Rakibe gelirsek; Venezia, Karşıyaka’ya göre rotasyonda çok daha fazla oyuncu bulunduran bir takım. Maçlara genellikle; Haynes-McGee-Bramos-Peric-Ortner beşiyle başlıyor. Kenardan Ejim, Filloy, Viggiano, Haggins, Tonut, Ress gibi oyuncuları getirebilen Koç Walter De Raffaele, bu yüzden maç içerisinde birçok farklı beşle oynayabiliyor.

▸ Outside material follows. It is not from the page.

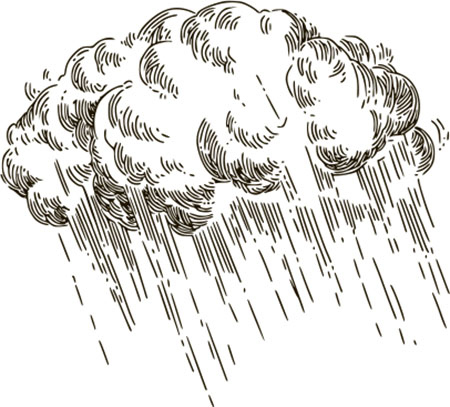 Иллюстрация к книге — Тайные знаки природы. Как стать погодным детективом и читать приметы [i_004.jpg]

Hücumda Haynes ve McGee’nin deliciliğini kullanan Venezia, takımın iki tecrübeli oyuncusu Bramos ve Peric’in dış atışlarıyla saha içerisinde gerekli olan spacingi yaratıyor. Hücumda tempoyu çok fazla yükseltmeyen İtalyan ekibi, Peric’in sahaya koyduğu oyun aklıyla sete set hücumları yönlendirmeye çalışıyor. Dağılmaya müsait olan Haynes ve McGee’yi sürekli bire bir oynamadan bu şekilde uzak tutan Venezia, Bramos’u ise atıcı olarak kullanıyor. İlk beşin kenara gelmesiyle birlikte Ejim, Viggiano ve Haggins gibi oyuncuların atletizmini kullanmak için tempoyu biraz daha yükselten Venezia, sete set hücumlarında ise Ejim’in birebirlerinden verim almaya çalışıyor.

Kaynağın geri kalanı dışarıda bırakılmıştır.